Naturally, as Western Australia is predominantly ruled by sports like AFL, cricket and open-cut mining, the locals will be seeking a granular insight in to the cultural dynamic between the two states.
What does Perth need to know about Origin? From whom should they protect their children’s eyes? And what makes one state a stagnating backwater forever under the eternal grip of the monarch Wally Lewis, and the other Queensland?
Coaches are critical to Origin, mainly for sales of effigies. Brad Fittler currently holds the position for the Blues, which is a proxy caretaker role until the next manic schmo takes the reins of doing whatever Phil Gould says.
Queensland is overseen by Broncos great Kevin Walters, who under instruction from his famous Coach Whisperer now abstains from mentioning the opposition or attending press conferences sober.
Who has been given the specialised role of pointlessly barking at referees over ruck speed?
The Maroons will be skippered by Manly halfback Daly Cherry-Evans, who as an erudite and statesmanlike gentleman remains widely shunned by the Queensland public. Rate his kicking game though.
As for the Blues, they will be lead by back-rower Boyd Cordner, who has a proven ability to fill the role’s brief of delivering regular concession speeches- and there’s every chance he’ll resume this duty on Sunday after the small blip of being handed the shield last year.
It’s this simple; New South Wales drop everyone and pick anyone, while Queensland pick and stick.

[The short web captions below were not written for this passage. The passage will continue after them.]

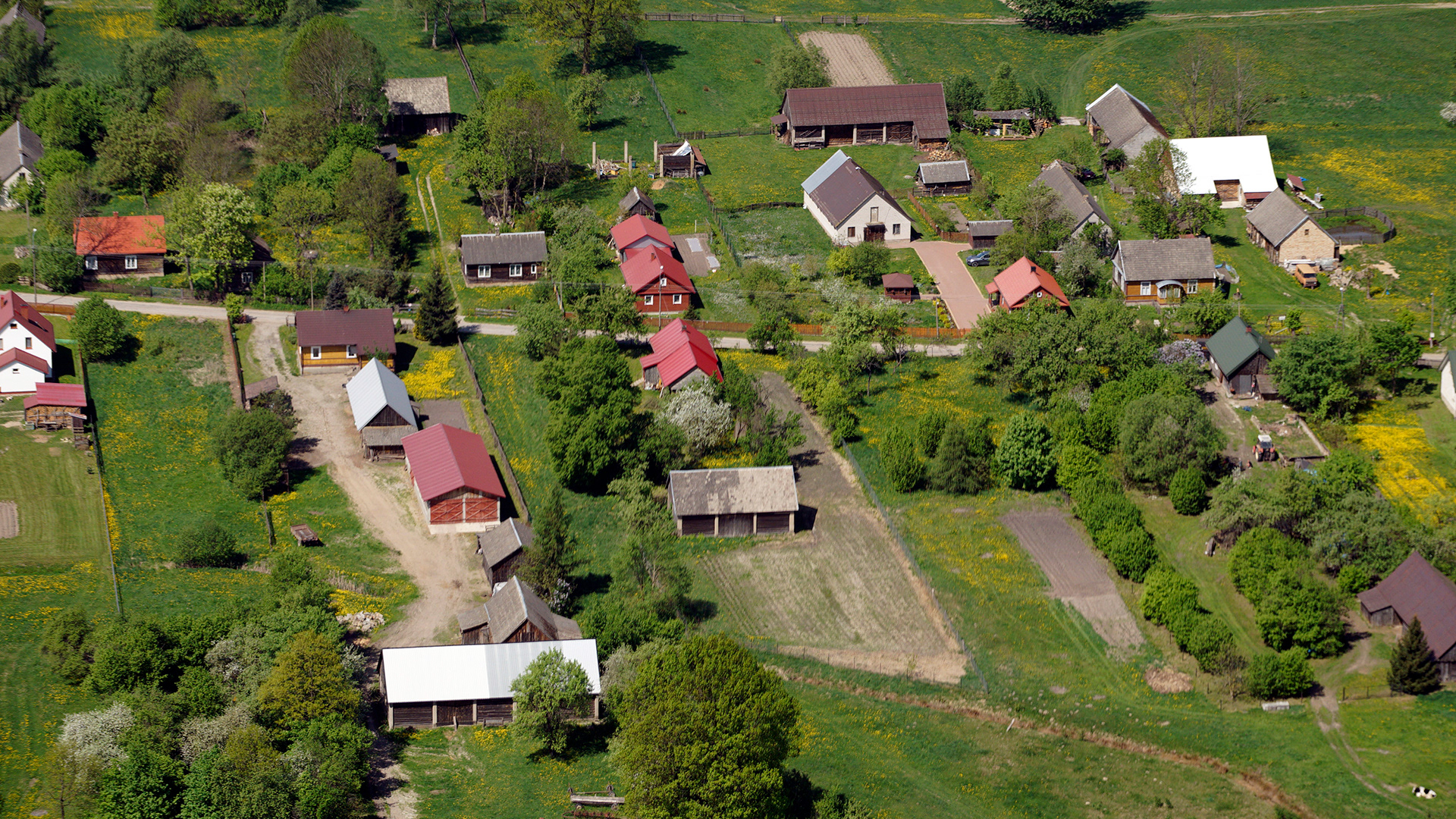 2018.05.05  |  Żuki  |  fot. Jerzy Grabowski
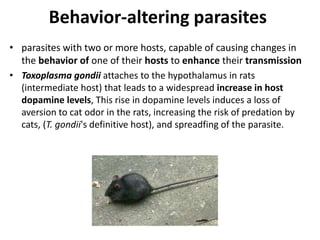 Behavior-altering parasites
• parasites with two or more hosts, capable of causing changes in
the behavior of one of their hosts to enhance their transmission
• Toxoplasma gondii attaches to the hypothalamus in rats
(intermediate host) that leads to a widespread increase in host
dopamine levels, This rise in dopamine levels induces a loss of
aversion to cat odor in the rats, increasing the risk of predation by
cats, (T. gondii's definitive host), and spreadfing of the parasite.
 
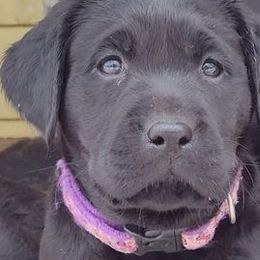 Labrador Retrievers from Stacey Noble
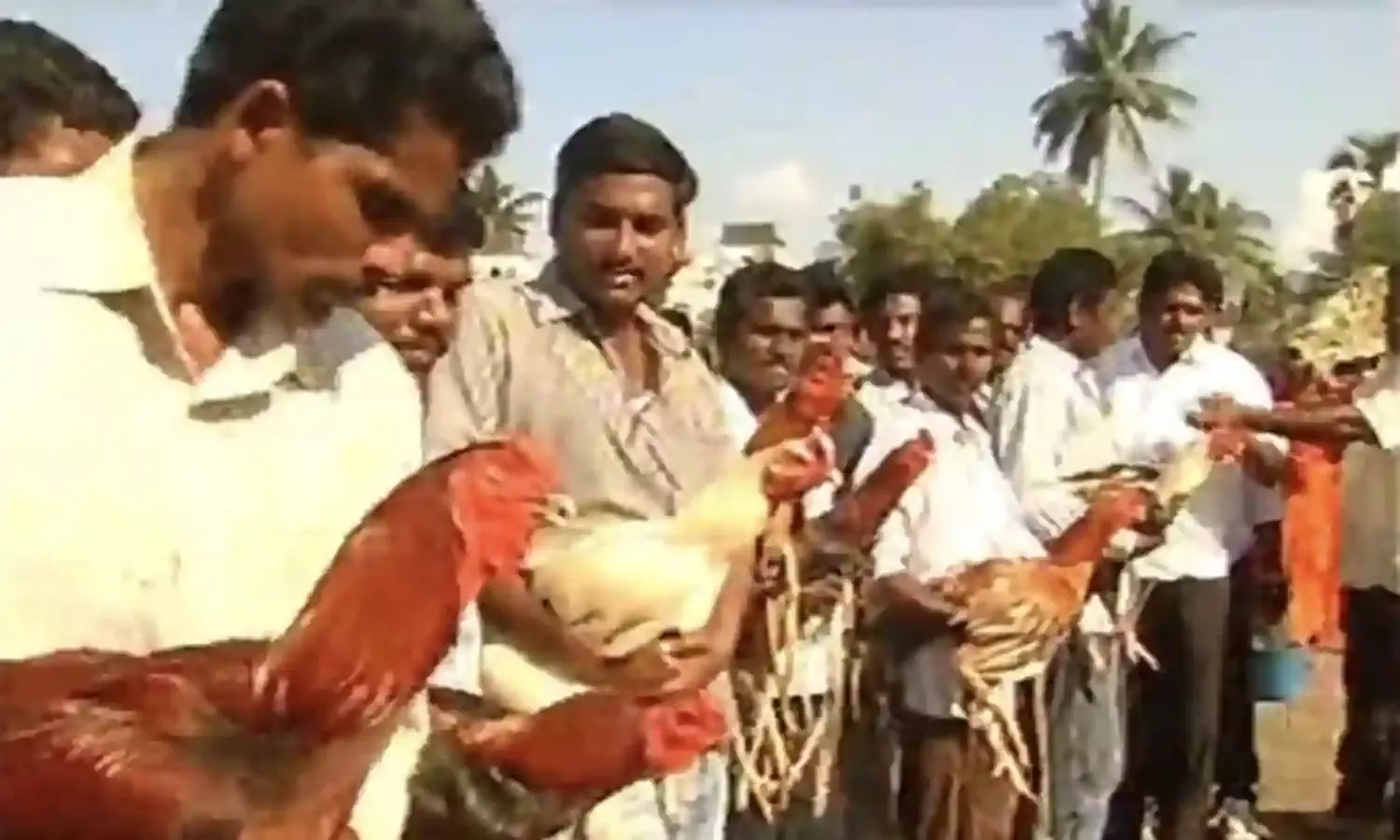 West Godavari: కోళ్ల పందేలకు రెడీ అవుతున్న గోదారోళ్లు.. West Godavari: కోళ్ల పందేలకు రెడీ అవుతున్న గోదారోళ్లు..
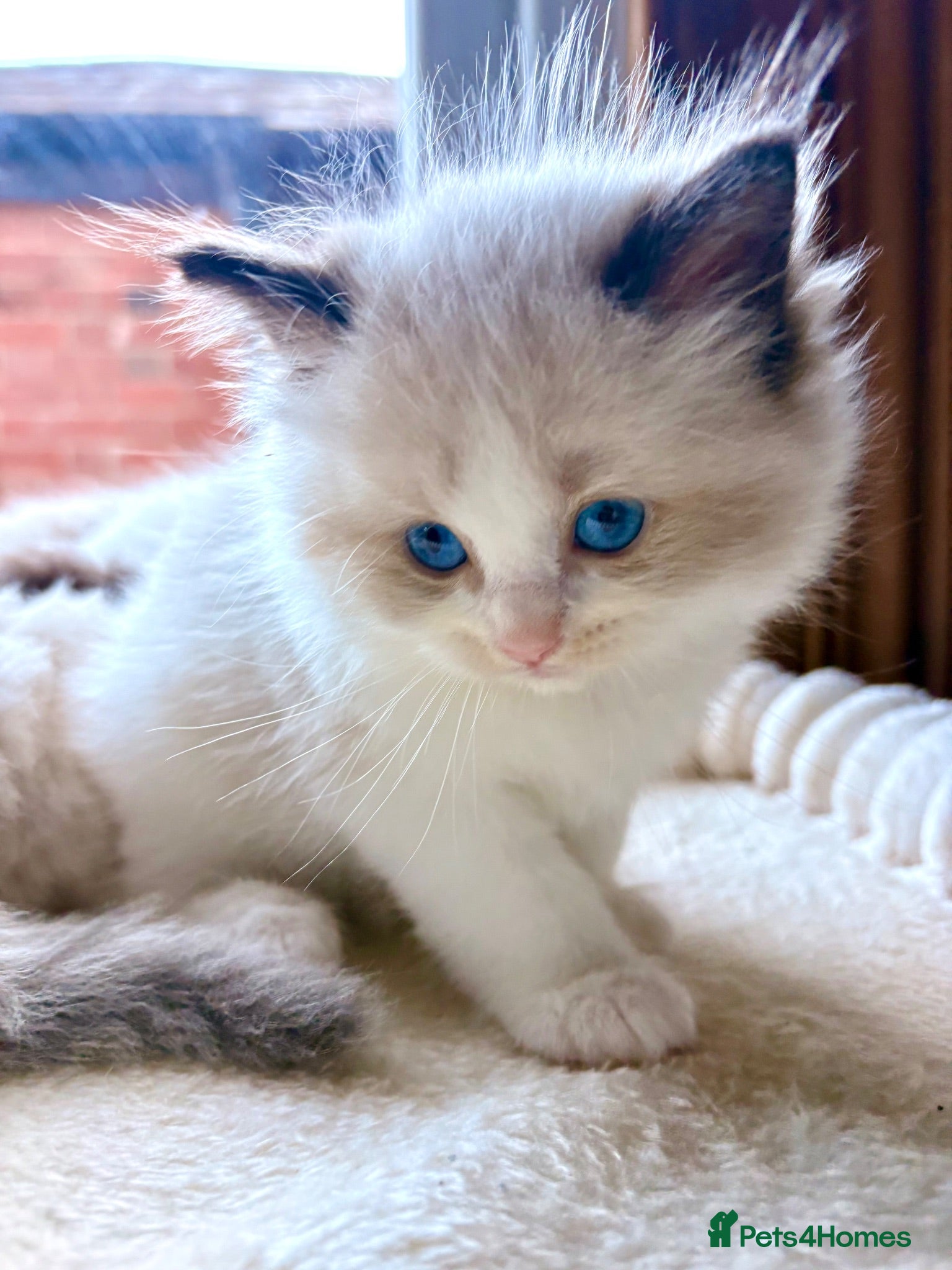 Ragdoll cats 🏆✨  Doll-face health clear Ragdoll kittens ✨🏆 - Advert 3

This makes the contest an interesting mix of unknown park footballers and blokes who debuted before the Keating administration.
Queensland built their bedrock of loyalty from the 2010’s onwards after falling arse-backwards in to 25 salary caps of sublime artillery, with the policy still current today. Unless they lose, then its Ben Hunt’s fault.
Additionally, the Maroons can reshape geography to ensure a player was born inside state lines. So much so, the current protests in Hong Kong over extradition laws are actually against attempts by Queensland to fill a shortage in the front-row.
As for the Blues, they are dogged by a constant selection headache which sees them restricted to picking New South Welshmen.
This was evident following the game one debacle, with Fittler frenetically overhauling the halves after conceding James Maloney and the retired Braith Anasta were the last options standing, incensing Rabbitohs fans who claimed he overlooked the obvious option, John Sutton.
While NSW’s build-up has been routinely chaotic, it is business as usual in Camp Maroon, with their entire preparation in the grip of hypochondria usually saved for compo frauds sprung on tabloid television.
For those unaware, Queensland Origin camp has been rated by Smart Traveller as more unsafe than Damascus, South Sudan or the concourse of an AFL match, with the gathering constantly returning dangerously-high readings of a victims complex.
Regardless of circumstances, the team is regularly selecting members racing the clock to be fit due to strains or contagion. Some say the entire state should be quarantined and cut adrift in the Pacific, but y’know, ratings.
The Blues will predictably label their preparations as business-as-usual on match eve, provided they can niftily wedge in a drinking scandal beforehand.
Concerns have been raised by the NRL over the quality of the Optus Stadium conditions, with administrators claiming it doesn’t meet heartland standards by being a pile of rubble under a perpetual agenda-driven debate.
In fact, the game may be cancelled if the stadium cannot appear in 17 consecutive Peter Fitzsimons columns by Sunday.
While a match of football will be held as per contractual obligations, most curious Perth residents will be attending the match solely on the promise of unfettered criminal disorder.
State of Origin used to known as a vehicle for the horrific rugby league pastime of violence, with pathological grubs flooding the stage to showcase new acts of depravity and groin-twisting origami in a bid to win over casual fans. Tragically, this is no longer.
Unfortunately, Origin’s tough-guy image was corrupted by a back-pedalling Ben Creagh in 2009, before being put out of its misery in 2013 by a rain of blows from Paul Gallen to the acreage on Nate Myles’ forehead.
So unless you’re attending a bonding session, Perth should brace for an underwhelming level of indecency. The most distasteful acts witnessed will probably be ‘handbags’- commonly referred to in AFL as a pinching melee- or worse, Paul Vautin after a Queensland triumph.